Nell'attuale panorama dell'equity crowdfunding italiano, il Regolamento Europeo ha sollevato interrogativi significativi. Carlo Allevi, CEO di WeAreStarting, offre un'analisi dettagliata sul ritardo nell'autorizzazione dei portali italiani e le sfide che ne derivano.

WeAreStarting, nonostante il contesto, si prepara a conformarsi alle nuove regole, enfatizzando miglioramenti e adattamenti per soddisfare le esigenze degli investitori. Allevi rivela anche quali settori stanno attirando maggiormente gli investitori sul loro portale, come hanno affrontato le sfide della raccolta fondi in un ambiente economico in evoluzione, e fornisce consigli preziosi per gli operatori di crowdfunding in Italia che navigano questo periodo di cambiamento normativo.

Scopri come il crowdfunding si evolve e come WeAreStarting si posiziona per guidare questa trasformazione.

Qual è il punto della situazione riguardo all'entrata in vigore del Regolamento Europeo sul crowdfunding in Italia? Perché nessun portale italiano è stato ancora autorizzato?

Purtroppo l’Italia è in forte ritardo, nonostante ci sia stato anche un anno di proroga. Il ritardo è derivato dalla lentezza del processo autorizzativo. Inoltre abbiamo previsto la presenza di due organi di vigilanza, complicando ulteriormente le cose. Ora Consob e Banca d’Italia stanno provando a recuperare, ma finora non è stato sufficiente.

Quali sfide o ostacoli ritieni che i portali di crowdfunding in Italia debbano affrontare a causa di questa mancata autorizzazione?

Purtroppo a soffrire dei ritardi finora è l’intero settore, che è stato penalizzato da un clima di incertezza e che affronterà un rallentamento, se non uno stop totale o quasi, di alcune settimane. In altri Paesi il processo è stato gestito con molta linearità e anticipo. I portali si trovano ora in un contesto competitivo a livello UE dove non solo sono chiamati a mantenere il proprio spazio, ma anche a recuperare il terreno perso.

In che modo WeAreStarting sta preparando la sua piattaforma per adeguarsi alle nuove regole del Regolamento Europeo?
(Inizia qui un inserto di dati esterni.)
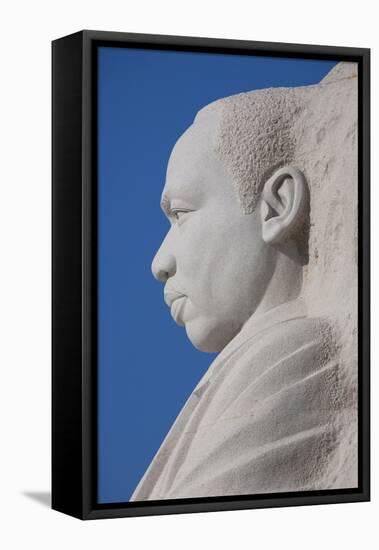 Martin Luther King Jr. National Memorial, a Monument to Civil Rights Leader, Washington, D.C.-Joseph Sohm-Framed Stretched Canvas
In WeAreStarting abbiamo sempre considerato il contesto normativo nazionale un esperimento temporaneo, dove abbiamo operato in un contesto controllato. Attendevamo l’evoluzione che potesse portare il crowdfunding per le imprese a realizzare il proprio potenziale, portando le opportunità finora riservate alle grandi imprese anche alle piccole e medie imprese, che rappresentano il fulcro dell’economia italiana.Il nostro portale coglierà l’occasione per migliorarsi in questo passaggio, diventando uno strumento in grado di soddisfare ancora meglio le esigenze dell’investitore. Non dimentichiamoci che sono probabili anche altre evoluzioni normative, come quella che riguarderà la dematerializzazione delle quote di Srl, probabilmente entro fine anno. I portali di crowdfunding diventeranno uno strumento sempre più importante e diffuso tra le imprese e tra gli investitori. Per questo diventa essenziale che il portale sia user-friendly e in grado di comunicare con altri sistemi. Negli ultimi tempi abbiamo lavorato proprio in questa direzione.

Quali settori o tipi di progetti stanno attirando maggiormente gli investitori sul vostro portale?
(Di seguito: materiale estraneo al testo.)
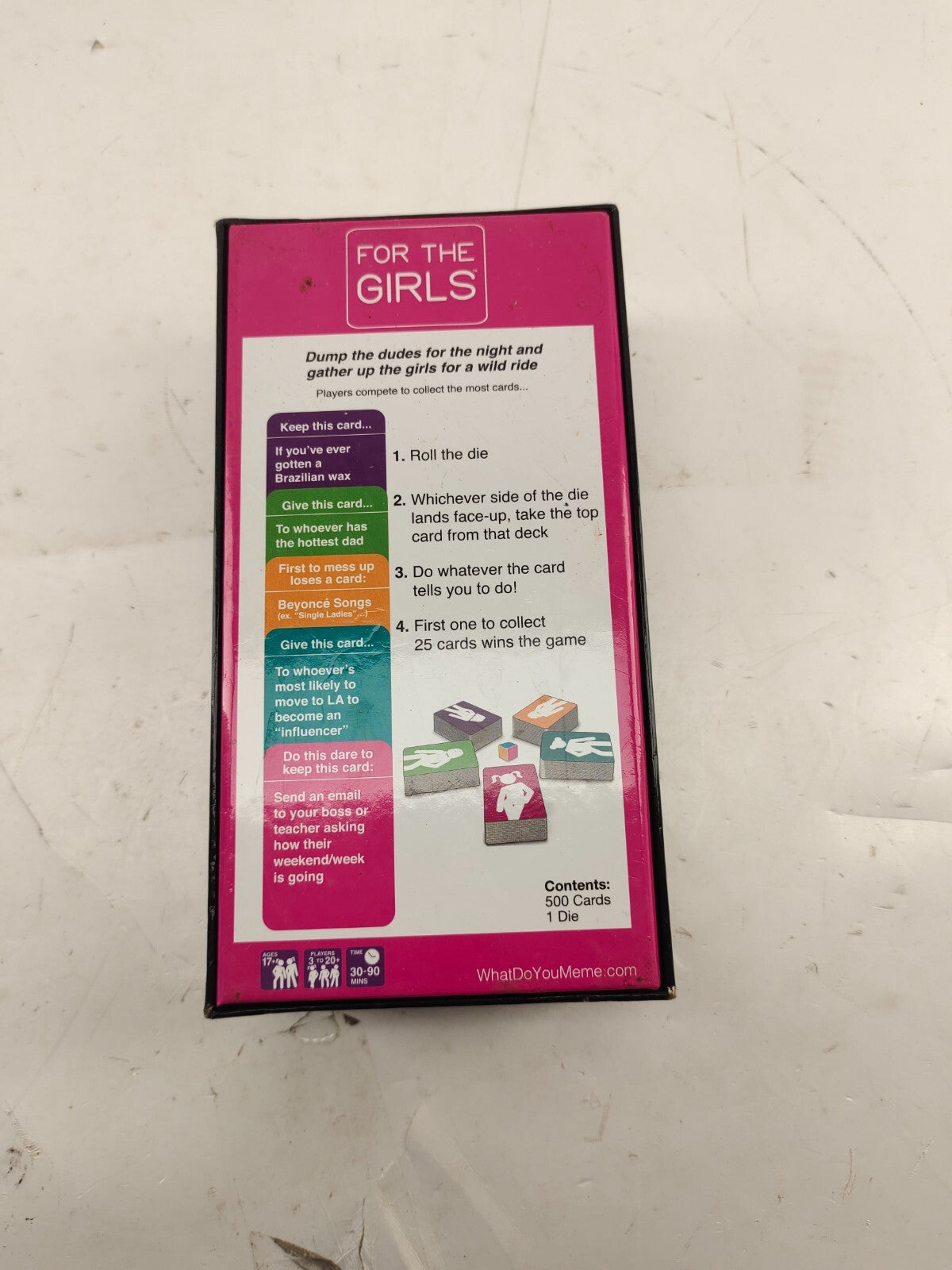 WHAT DO YOU MEME? For The Girls Adult Party Game For Bachelorette Parties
Credo che all’inizio la maggioranza degli investitori fosse attirato dalle imprese operante in settori di moda. Il problema è che tali società spesso si presentano a valutazioni poco interessanti. Le società in settori meno alla moda invece, per raccogliere capitali, devono proporsi a condizioni vantaggiose. Per questo motivo abbiamo puntato su questo tipo di realtà, spesso caratterizzate dall’essere lontane dall’identikit della società che attira la massa. Operanti in settori tradizionali, hardware, con modello B2B, collocate in provincia, senza una community numerosa. Queste sono le società che spesso danno i risultati migliori. Ho la percezione che gli investitori piano piano lo capiscano sempre di più e agiscano di conseguenza. 

Come avete affrontato la sfida della raccolta fondi in un contesto economico e finanziario in evoluzione?
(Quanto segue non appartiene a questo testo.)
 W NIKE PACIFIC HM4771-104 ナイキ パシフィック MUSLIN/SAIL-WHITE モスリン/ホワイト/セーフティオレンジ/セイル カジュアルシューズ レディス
Credo che questi aspetti abbiano certamente avuto un impatto, soprattutto nei momenti di transizione, ma le proposte sui portali si possono adattare rapidamente per rispondere alle necessità degli investitori. Noi abbiamo semplicemente preso atto del fatto che avremmo dovuto porre l’attenzione sulla selezione delle società e verificare che le società adattassero le proprie valutazioni pre-money al nuovo contesto dei mercati. È stato inoltre inevitabile vedere una classica rotazione settoriale, che ha visto ad esempio la sorpresa dell’interesse verso realtà hardware.

Quali consigli o suggerimenti avresti per gli operatori del crowdfunding in Italia che stanno cercando di navigare in questo contesto di cambiamento normativo?

Sicuramente consiglio di costruirsi dei margini di sicurezza, in modo da poter gestire eventuali ritardi o oneri aggiuntivi imprevisti. Inoltre è proprio in queste settimane che stanno emergendo richieste da parte delle autorità incaricate di concedere le autorizzazioni.  Bisognerà essere molto flessibili per accoglierle e adattare vari aspetti del proprio business nel modo più efficiente possibile. Sarebbe stato bello che questo fosse avvenuto con gradualità negli ultimi tre anni, ma non è stato possibile. L’opportunità è veramente importante, quindi ha senso faticare per qualche mese con l’obiettivo di cogliere le opportunità che arriveranno.